What the task requires: Print the first line of the records below and every line after it, up to and including the line with "Qiqi House Tokyo: Spacious". Print nothing else.

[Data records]
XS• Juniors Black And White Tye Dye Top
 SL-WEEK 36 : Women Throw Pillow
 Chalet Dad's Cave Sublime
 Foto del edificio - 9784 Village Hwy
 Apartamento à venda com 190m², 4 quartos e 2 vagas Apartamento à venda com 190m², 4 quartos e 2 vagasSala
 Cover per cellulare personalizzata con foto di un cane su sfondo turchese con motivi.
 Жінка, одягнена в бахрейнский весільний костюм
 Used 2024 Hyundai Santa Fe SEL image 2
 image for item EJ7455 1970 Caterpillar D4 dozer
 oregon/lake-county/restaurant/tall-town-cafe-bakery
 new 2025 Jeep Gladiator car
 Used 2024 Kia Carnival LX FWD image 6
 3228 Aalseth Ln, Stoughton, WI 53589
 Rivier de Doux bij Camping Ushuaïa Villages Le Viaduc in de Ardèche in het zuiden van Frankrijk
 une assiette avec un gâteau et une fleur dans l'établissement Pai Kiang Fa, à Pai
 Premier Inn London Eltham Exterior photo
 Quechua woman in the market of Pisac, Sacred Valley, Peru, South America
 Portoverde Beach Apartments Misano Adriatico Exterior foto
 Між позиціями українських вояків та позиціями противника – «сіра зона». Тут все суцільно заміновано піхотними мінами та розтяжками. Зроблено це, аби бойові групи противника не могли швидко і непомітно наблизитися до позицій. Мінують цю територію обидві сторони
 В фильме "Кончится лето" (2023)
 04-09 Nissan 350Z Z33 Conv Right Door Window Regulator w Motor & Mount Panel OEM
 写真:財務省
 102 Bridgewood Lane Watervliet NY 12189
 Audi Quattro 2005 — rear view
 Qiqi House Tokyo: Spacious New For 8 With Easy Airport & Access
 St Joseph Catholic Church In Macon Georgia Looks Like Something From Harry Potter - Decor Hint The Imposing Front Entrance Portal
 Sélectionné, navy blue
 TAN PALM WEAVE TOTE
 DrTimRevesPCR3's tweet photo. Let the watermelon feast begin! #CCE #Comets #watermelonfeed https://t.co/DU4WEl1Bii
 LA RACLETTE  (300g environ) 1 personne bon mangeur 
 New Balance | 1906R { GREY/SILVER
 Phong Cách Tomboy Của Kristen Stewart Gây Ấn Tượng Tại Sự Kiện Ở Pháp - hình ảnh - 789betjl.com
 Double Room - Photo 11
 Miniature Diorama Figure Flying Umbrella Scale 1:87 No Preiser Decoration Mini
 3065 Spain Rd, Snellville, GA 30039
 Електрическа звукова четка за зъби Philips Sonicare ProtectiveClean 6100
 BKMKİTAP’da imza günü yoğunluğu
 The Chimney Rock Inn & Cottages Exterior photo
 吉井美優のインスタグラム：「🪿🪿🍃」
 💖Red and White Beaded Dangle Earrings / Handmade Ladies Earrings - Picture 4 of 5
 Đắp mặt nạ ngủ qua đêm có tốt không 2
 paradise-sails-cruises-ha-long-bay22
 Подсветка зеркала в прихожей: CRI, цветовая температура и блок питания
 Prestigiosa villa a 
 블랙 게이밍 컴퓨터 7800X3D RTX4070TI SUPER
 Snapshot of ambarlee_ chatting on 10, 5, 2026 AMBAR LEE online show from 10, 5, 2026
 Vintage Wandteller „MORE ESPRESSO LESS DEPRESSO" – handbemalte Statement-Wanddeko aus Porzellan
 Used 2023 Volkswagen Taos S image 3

Solution to this exercise:
XS• Juniors Black And White Tye Dye Top
 SL-WEEK 36 : Women Throw Pillow
 Chalet Dad's Cave Sublime
 Foto del edificio - 9784 Village Hwy
 Apartamento à venda com 190m², 4 quartos e 2 vagas Apartamento à venda com 190m², 4 quartos e 2 vagasSala
 Cover per cellulare personalizzata con foto di un cane su sfondo turchese con motivi.
 Жінка, одягнена в бахрейнский весільний костюм
 Used 2024 Hyundai Santa Fe SEL image 2
 image for item EJ7455 1970 Caterpillar D4 dozer
 oregon/lake-county/restaurant/tall-town-cafe-bakery
 new 2025 Jeep Gladiator car
 Used 2024 Kia Carnival LX FWD image 6
 3228 Aalseth Ln, Stoughton, WI 53589
 Rivier de Doux bij Camping Ushuaïa Villages Le Viaduc in de Ardèche in het zuiden van Frankrijk
 une assiette avec un gâteau et une fleur dans l'établissement Pai Kiang Fa, à Pai
 Premier Inn London Eltham Exterior photo
 Quechua woman in the market of Pisac, Sacred Valley, Peru, South America
 Portoverde Beach Apartments Misano Adriatico Exterior foto
 Між позиціями українських вояків та позиціями противника – «сіра зона». Тут все суцільно заміновано піхотними мінами та розтяжками. Зроблено це, аби бойові групи противника не могли швидко і непомітно наблизитися до позицій. Мінують цю територію обидві сторони
 В фильме "Кончится лето" (2023)
 04-09 Nissan 350Z Z33 Conv Right Door Window Regulator w Motor & Mount Panel OEM
 写真:財務省
 102 Bridgewood Lane Watervliet NY 12189
 Audi Quattro 2005 — rear view
 Qiqi House Tokyo: Spacious New For 8 With Easy Airport & Access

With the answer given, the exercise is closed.